Natural Indicator: Vanilla Extract
Will Kruse, Marko Perovich, David Sigler, Adam Colombus
***There was no need to prepare our natural substance (Vanilla extract)
1.Get test tubes with all 7 pH values
2. Add 20 drops of indicator to each pH value. You will notice that as the color gets darker it goes from an acid to a base.
3. Gather 4 clear and colorless household items and put about an inch of each substance into a test tube.
4. Add distilled water to the baking power so that the chemicals can dissociate and you could test for a pH value.
5. Put 20 drops of the indicator into each substance.

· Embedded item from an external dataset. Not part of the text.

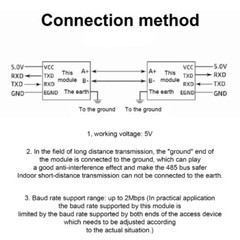 High Performances TTL RS485 Data Signal Conversion Module for Industrial Use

6. Match up the colors to the pH standards you've already set up to the experimented household items tested.
pH- 1, 3, 5, 7, 9, 11, 13
Substances- Baking Powder, Shampoo, Hydrogen Peroxide, Vinegar
Substances with pH- Baking Powder (7), Shampoo (11), Hydrogen Peroxide (5), Vinegar (5)
Colors for acids-
1- Light Orange
5- Dark Orange
Colors for bases-
9- Dark Red Orange
Indicator better at detecting acids or bases?
-The indicator was better at detecting bases because the colors between each pH level were more easier to differentiate between within the bases than in the acids.
Problems with natural indicator and judging hp
-The colors of the acids were very similar, making it difficult to judge the pH.
What would we do differently?
-Next time, we would use a different aqueous solution as a household substance instead of baking powder. Although we dissolved it in water before testing the pH, another household item would have been easier to use and find a more accurate pH.